Membawa kembali ‘pesan’ dari guru honorer akan masalah ini yakni “ pengangkatan menjadi ASN/PNS”. Sistem yang sekarang mengenai pengangkatan  guru honorer menjadi ASN/PNS tidak dapat dilakukan secara masive layaknya dulu. Jika dilihat dari sudut pandang kuantitas pengangkatan guru honorer menjadi ASN/PNS tidak salah jika salah satu patflom media berita online menganggap era terdahulu populis terhadap guru honorer meski problematis. Jumlah pengangkatan guru pada era sebelumnya mencapai 1,1 juta sejak 2005 hingga 2014. Berbeda dengan sistem yang digunakan pada masa pemerintahan terdahulu. Guru honorer tidak lagi bisa diangkat secara otomatis dan cuma – Cuma. Kini pengangkatan guru honorer pada era ini wajib hukumnya untuk mengikuti serangkaian tes seperti peserta pendaftar ASN ( Aparatur Sipil Negara) lainnya. Hal ini bahkan ditegaskan kembali  melalui Undang-Undang Nomor 5 Tahun 2014 tentang Aparatur Sipil Negara (ASN). Berdasarkan pasal 6 dan 7, ASN ini baru nantinya akan dibagi menjadi pegawai tetap PNS dan PPPK (Pegawai Pemerintah dengan Perjanjian Kerja). Tidak ada pengecualian juga untuk guru honorer untuk menjadi PPPK, pegawai honorer mesti menjalani tes seleksi terlebih dahulu. Jika lolos, gaji dan tunjangannya menjadi setara denga PNS. Perbedaannya PPPK tidak mendapat pensiun dan kontrak kerjanya disesuaikan dengan perjanjian bersama instansi terkait. Perjanjian kerja PPPK minimal satu tahun dan dapat diperpanjang sesuai dengan kebutuhan. Acuannya adalah penilaian kinerja. Langkah tersebut merupakan upaya yang dilakukan pemerintahan era Jokowi untuk meningkatkan kualitas dan kompetensi guru PNS/ASN setelah sebelumnya hasil Uji Kompetensi Guru (UKG) pada 2017, hasil rata-ratanya tidak mencapai nilai 70. Data dari Kementerian Pendidikan dan Kebudayaan (Kemendikbud) menunjukkan rata-rata nilai UKG tertinggi didapat golongan guru Sekolah Menengah Atas, yakni 69,55 dan untuk golongan guru Sekolah Dasar, yaitu 62,22. (Beritagar,2019).

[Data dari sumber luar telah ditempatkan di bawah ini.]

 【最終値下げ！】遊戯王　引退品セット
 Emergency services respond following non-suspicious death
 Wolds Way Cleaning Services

Pengetatan menjadi ASN/PNS dan  sistem penerimaan calon PNS secara obyektif  ini dapat dikatakan menjadi salah satu cara Jokowi untuk mewujudkan tema dan tagline peringatan kemerdekaan Indonesia ke- 74 tahun "SDM Unggul Indonesia Maju". Terpilihnya kembali Jokowi disinggahsana pemerintahan dapat dipastikan pengangkatan guru honorer menjadi ASN/PNS untuk tahun – tahun selanjutnya akan lebih selektif dan berat mengingat progam reformasi yang diusungnya pada 2019-2024 meliputi peningkatan mutu dan kapasitas ASN.

Kebijakan tersebut tentu membawa masalah lain, meski dampak baik seperti  IPM  (Indeks Pembangunan Manusia) angka ASN menunjukan 71,39 (kategori high human development) naik dari 66,53 pada tahun 2010. Kebijakan tersebut akan bias jika menempatkan guru honorer yang sudah mengabdi bertahun -tahun bahkan ada yang hampir dua dasawarsa sejajar dengan “fresh graduate”. Hal tersebut sama halnya dengan tindakan mengaibkan jasa mereka bertahun-tahun.

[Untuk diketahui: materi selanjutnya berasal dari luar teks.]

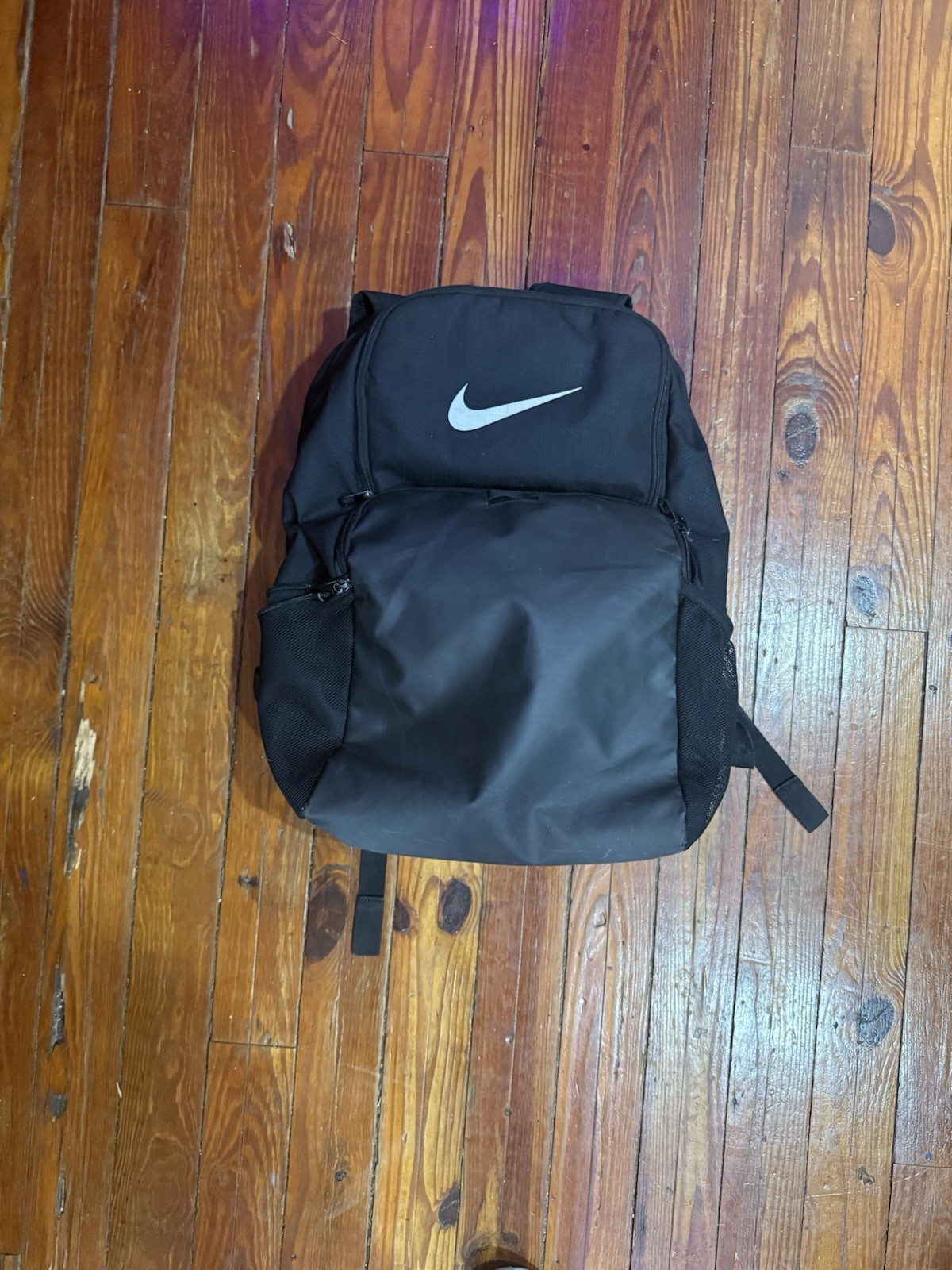 Nike Brasilia Mesh Backpack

Reffrein tuntutan guru honorer

Seperti pengulangan, ketidakjelasan guru honorer tidak hanya berhenti mengenai status yang tak kunjung diangkat- angkat, namun juga ketidakpastian mengenai sumber dana gaji guru honorer. Baru -baru ini, sebuah berita dengan judul besar dan huruf tebal berbunyi “guru-honorer-depok-belum-digaji-3-bulan-pemkot-diminta-investigasi” menjadi berita yang mengantarkan kita ke bagian reffrein lagu horor guru honor. Tahun – tahun akhir ini menjadi guru memang bukan lagi cita cita yang populer, tidak lagi diidam idamkan layaknya dulu. Dulu, cita -cita menjadi guru merupakan cita -cita yang luar biasa dan diimpikan oleh banyak anak.Namun,  Anak -anak zaman sekarang lebih realistis rupanya. Dibanding menjadi guru, lebih banyak mereka akan memilih menjadi youtuber atau gamer. "yang banyak uang". Bukan materialistis apalagi kapitalis karena memang itulah kenyataan.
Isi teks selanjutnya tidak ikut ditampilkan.